Deja la cruz sobre el altar, junto a la cabeza de Román, baja de la mesa de mármol y la empuja con dificultad hasta las tres losas. A continuación, pasa el crucifijo por la anilla de la losa de en medio, lo encaja en el intersticio del pavimento y lo utiliza para hacer palanca. La lápida se levanta ligeramente. Con rapidez, coloca debajo la piedra. Después, introduce cuidadosamente el gato, inserta la manivela en el utensilio y empieza a dar vueltas. El gato sube, levantando la losa. Unos centímetros más… ¡Ya está! El hueco es lo bastante grande para permitirle pasar. Enciende la linterna de bolsillo y baja los peldaños del panteón.

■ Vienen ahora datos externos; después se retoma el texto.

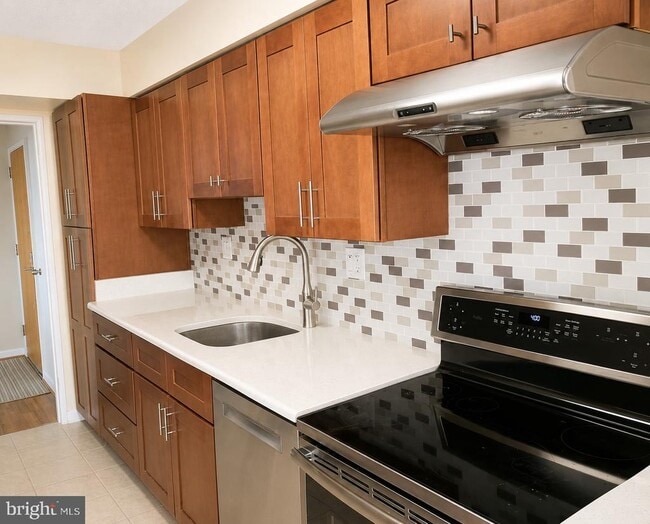 Photo - 1808 Old Meadow Rd Unit 1005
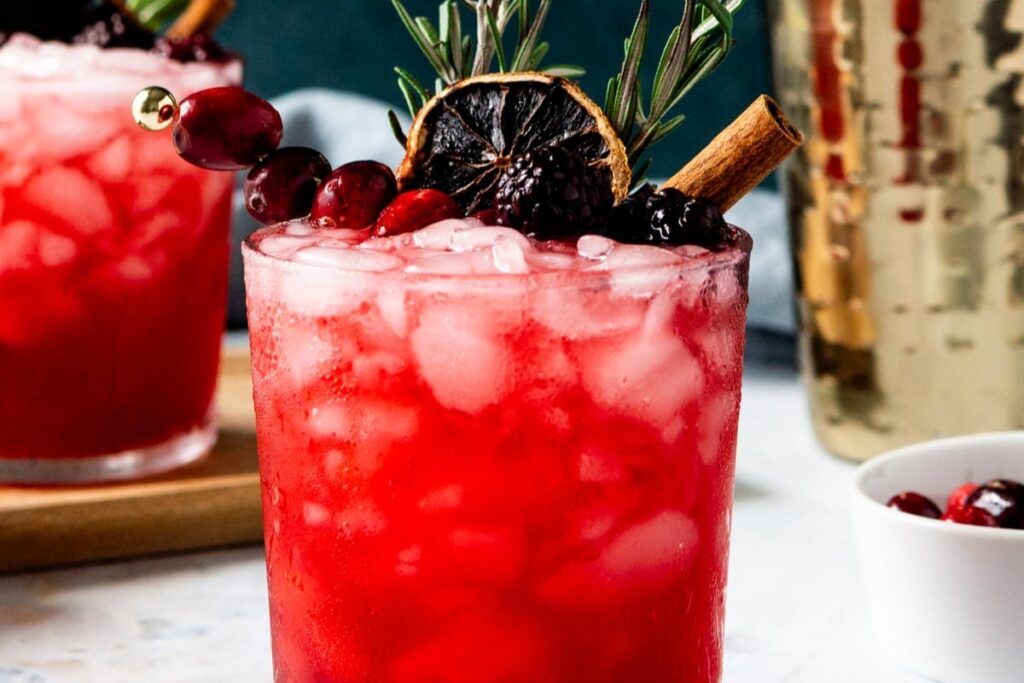 Blackberry Gin Smash cocktail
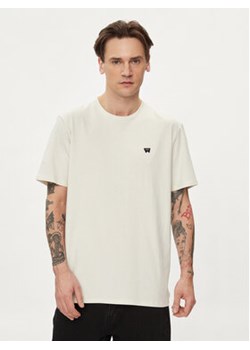 Wrangler T-Shirt Sign Off 112351234 Écru Regular Fit ze sklepu MODIVO w kategorii T-shirty męskie - zdjęcie 170468582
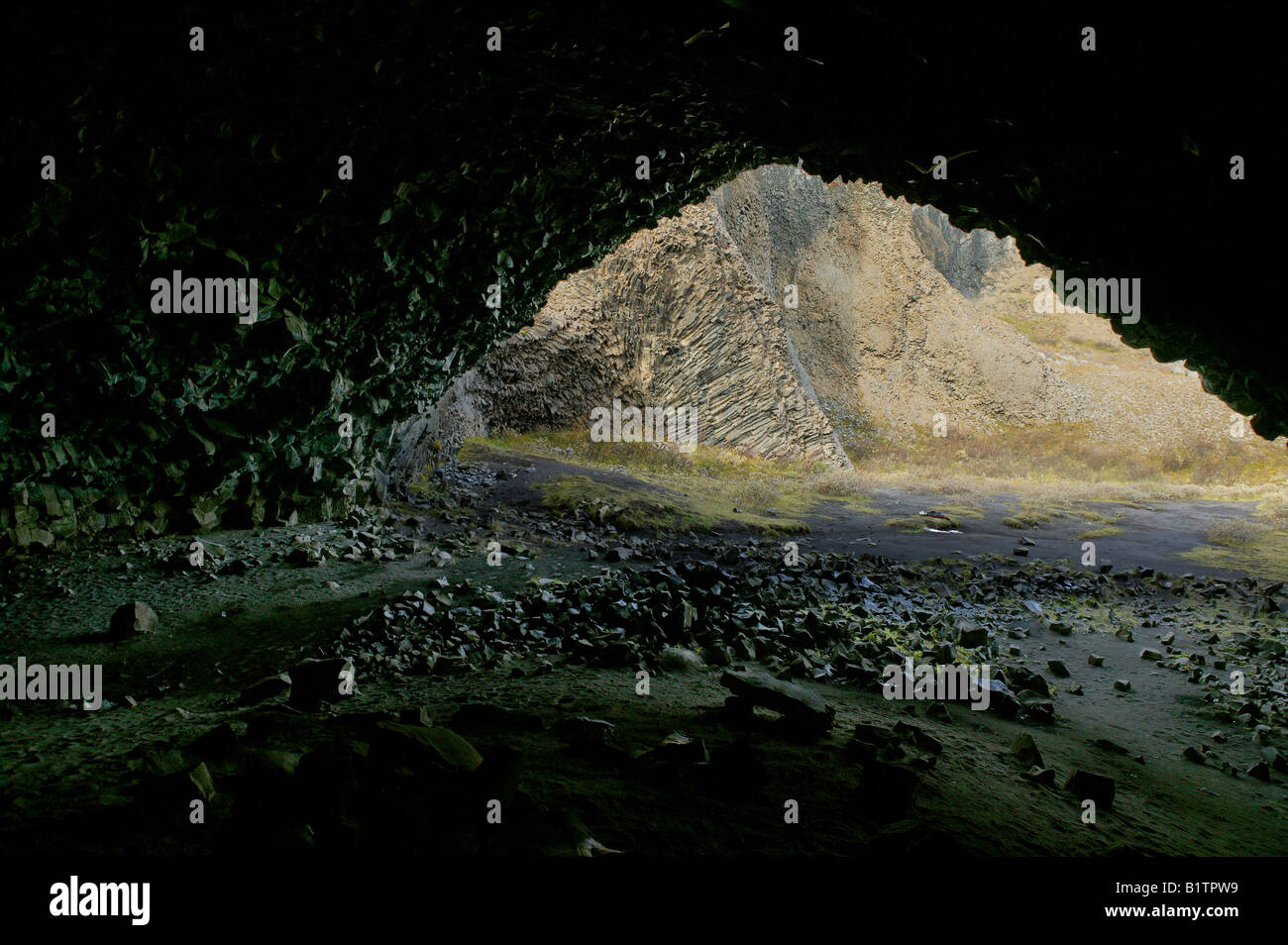 Formazioni di basalto in grotta, Islanda Foto Stock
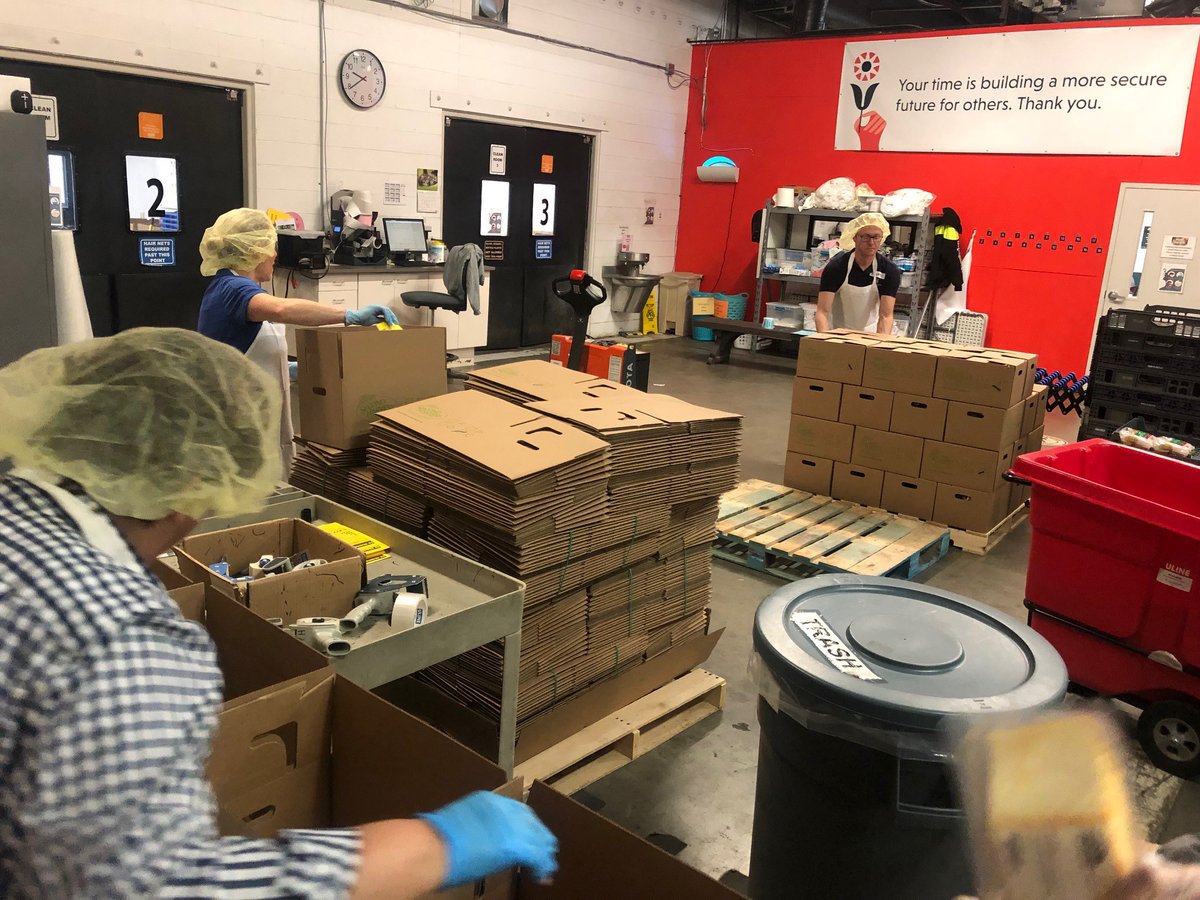 WIREALTORSWRF's tweet photo. Folks from Coldwell Banker Success teamed up today at Second Harvest Food Bank in Madison. In under 3 hours they built 600 food boxes for families! We are double matching donations to WRF $50+ this week for @FeedingWI . Help us keep kids fed this summer at https://t.co/Ziq7SFKPKI https://t.co/pMGNqprMpD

Está oscuro, hace frío y falta el aire. Las entrañas de la tierra son más frías que las de la roca. Despiden un olor fuerte de carne de caza adobada, el de las decenas de cadáveres que se han descompuesto allí. La estancia es pequeña, rectangular, y en todas las paredes hay nichos donde descansan ataúdes de madera. El mausoleo no es un vientre, sino una trinchera superpoblada con difuntos amontonados, emanaciones repugnantes, una atmósfera densa. Instintivamente, Johanna se vuelve hacia la losa y la enfoca con la linterna. No hay peligro, está abierta y el gato no puede ceder… Se dice que, puestos a elegir, preferiría morir en la redonda caverna celta, con Epona, los olams y Almodius, que en ese templo con cuerpos ocultos y bien ordenados.